What happened

The Fifth Circuit on Thursday affirmed a Texas federal judge’s refusal to let advocacy groups, a community college and a student intervene after the United States and Texas resolved a suit over in-state tuition for students not lawfully present.

The panel said the proposed intervenors could not clear a threshold futility analysis because the challenged Texas Education Code provisions were preempted by 8 U.S.C. § 1623(a). The court agreed with the district court that federal law “bars such a disparity” when students not lawfully present can qualify for resident tuition while out-of-state U.S. citizens cannot.

The dispute followed a June 2025 suit by the United States accusing Texas of allowing certain students not lawfully present to pay in-state resident tuition while requiring out-of-state U.S. citizens to pay higher nonresident rates. Texas settled, and the district court approved a consent judgment permanently enjoining enforcement of Texas Education Code sections 54.051(m) and 54.052(a).
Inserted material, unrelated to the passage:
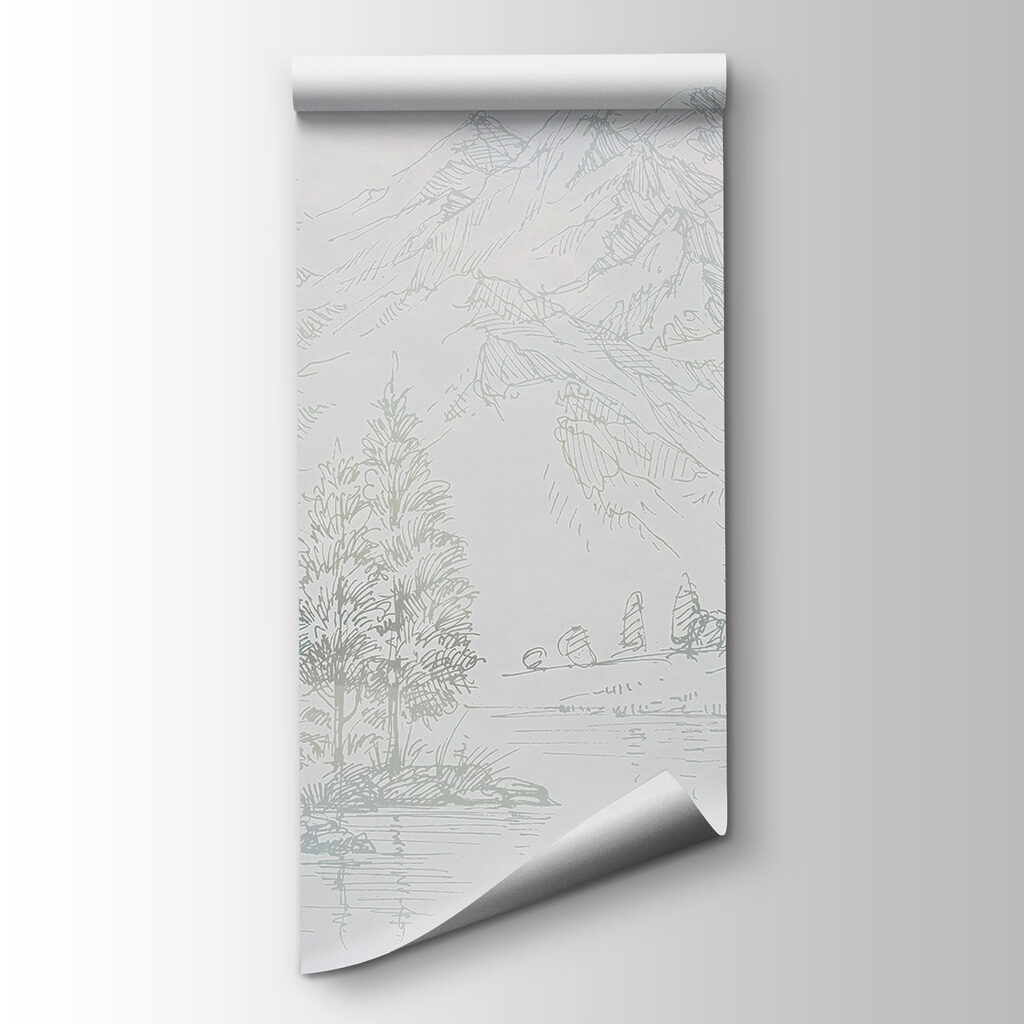 A river with trees and mountains in the background A river with trees and mountains in the background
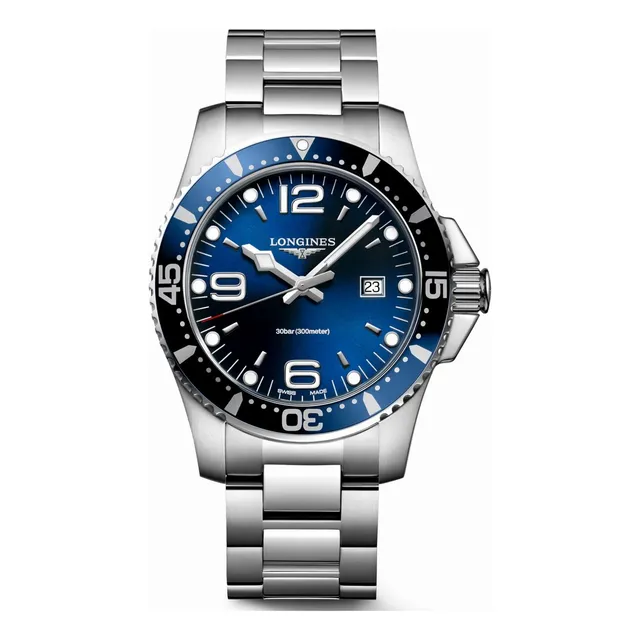 Reloj Longines Hydroconquest 44mm L38404966 Agente Malla Plateado Bisel Azul Fondo Azul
Students for Affordable Tuition, La Union del Pueblo Entero, Austin Community College and Oscar Silva moved to intervene after judgment and sought to undo the consent judgment. The district court denied intervention, finding the effort legally futile because Section 1623(a) preempted the challenged provisions.
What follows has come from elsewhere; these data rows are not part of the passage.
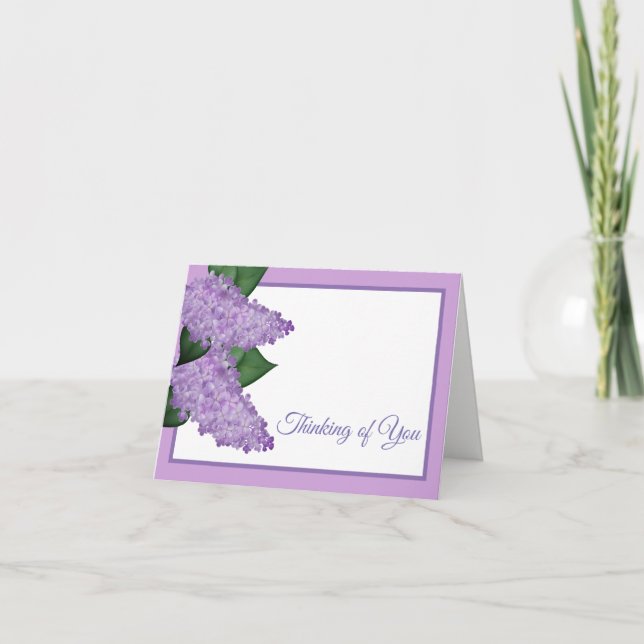 Thinking of You Note Card-Lilacs Card (Front)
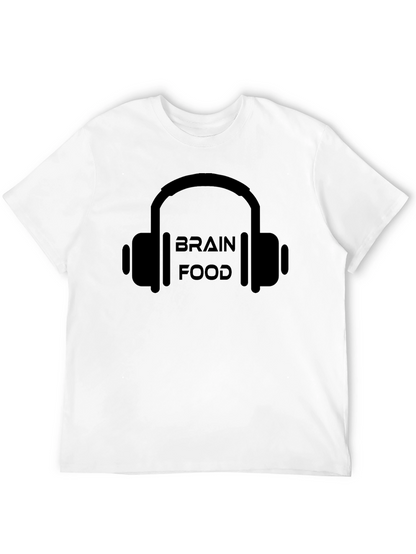 Brain Food Headphones Black Graphic T-Shirt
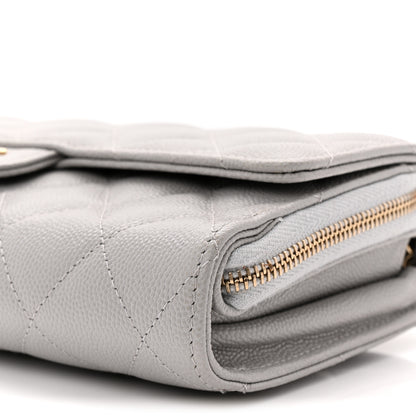 Chanel Caviar Quilted Phone Holder Wallet on Removable Chain Grey 12 of 13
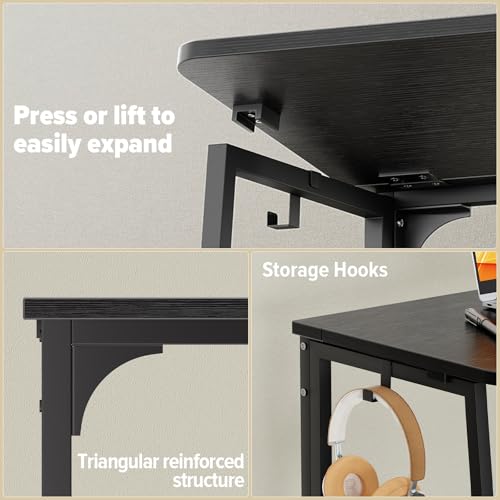 WOHOMO Folding Desk, 39.4" Foldable Computer Table for Small Spaces, Black - color: Black, size: Large Size:39.4 x 15.7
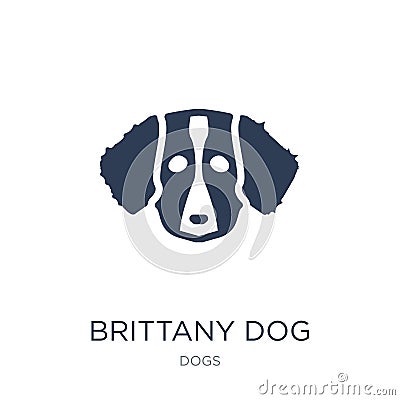Brittany dog icon. Trendy flat vector Brittany dog icon on white Vector Illustration
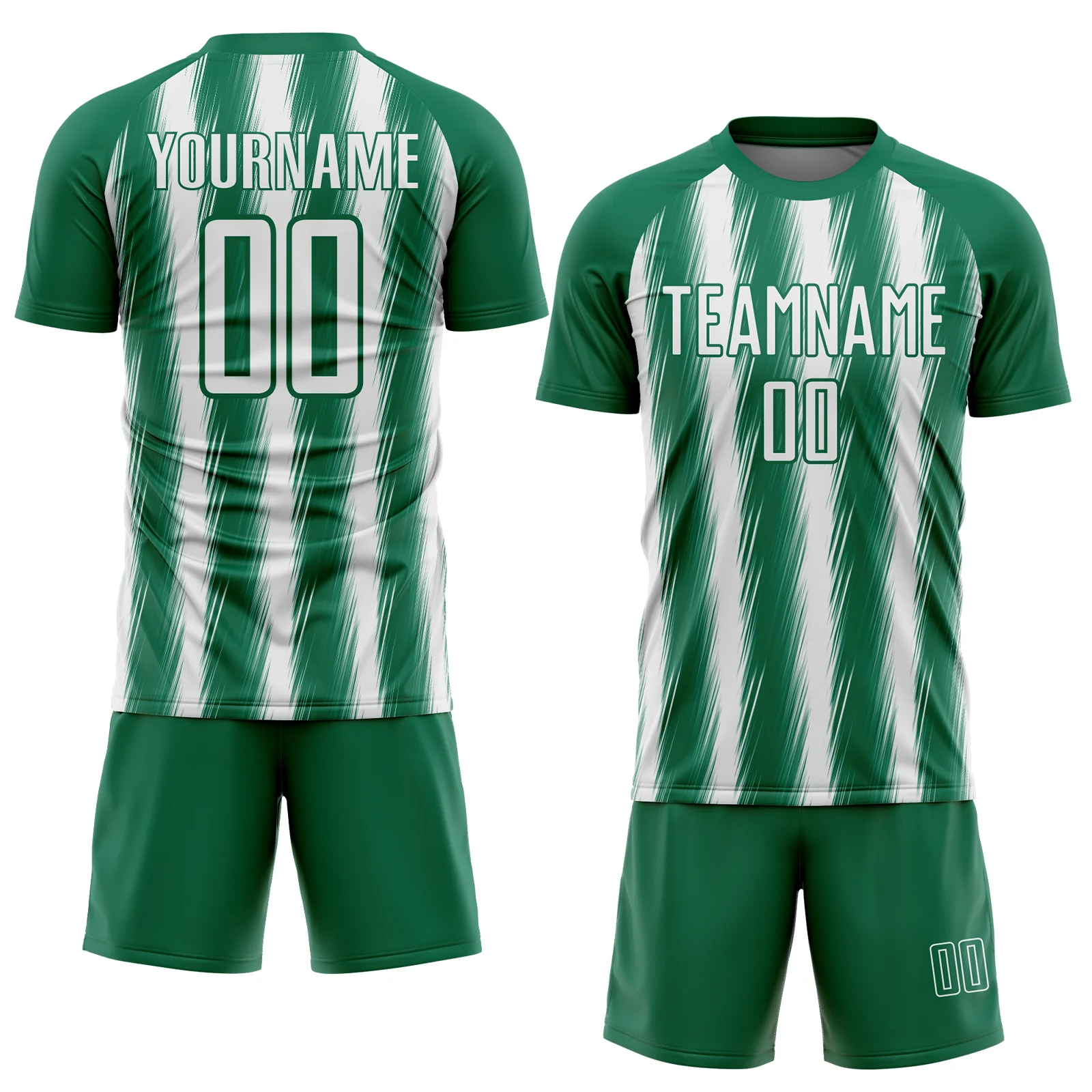 Custom Kelly Green White Vertical Brush Stroke Stripes Sublimation Soccer Uniform Jersey - Image 2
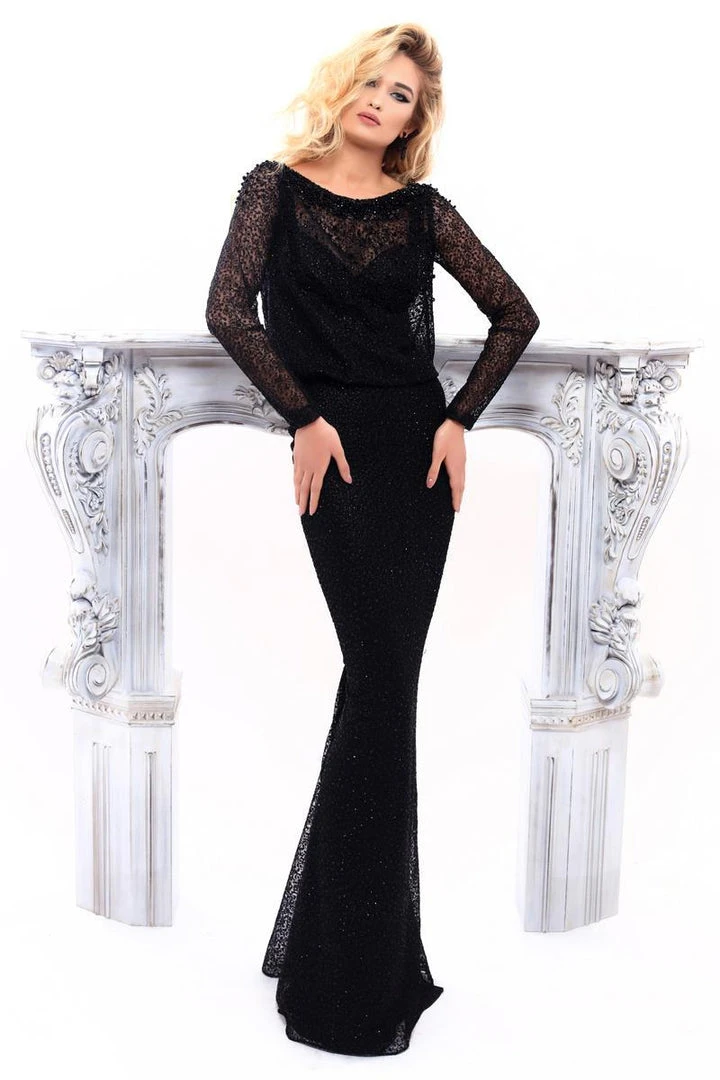Tarik Ediz - 93312 Sheer Blouson Long Sleeve Beaded Gown Formal Gowns 3 Tarik Ediz - 93312 Sheer Blouson Long Sleeve Beaded Gown Formal Gowns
Writing for the panel, Judge Jerry E. Smith said the case was controlled in part by the Fifth Circuit’s 2023 Young Conservatives decision, which held that Section 1623(a) expressly preempts state rules granting benefits to unlawfully present noncitizens when U.S. citizens have not received the same benefit. Unlike the tuition-rate provision spared in that earlier case, the provisions challenged here addressed eligibility for resident tuition through Texas domicile or residence rules.

The court also clarified that futility review applies to would-be defense intervenors, joining what it described as the longstanding practice of other circuits. Intervention was futile, the panel said, because the proposed intervenors could not plausibly defend the challenged provisions against the federal preemption claim.

The Fifth Circuit affirmed denial of the intervention motions and dismissed the remaining claims for want of appellate jurisdiction.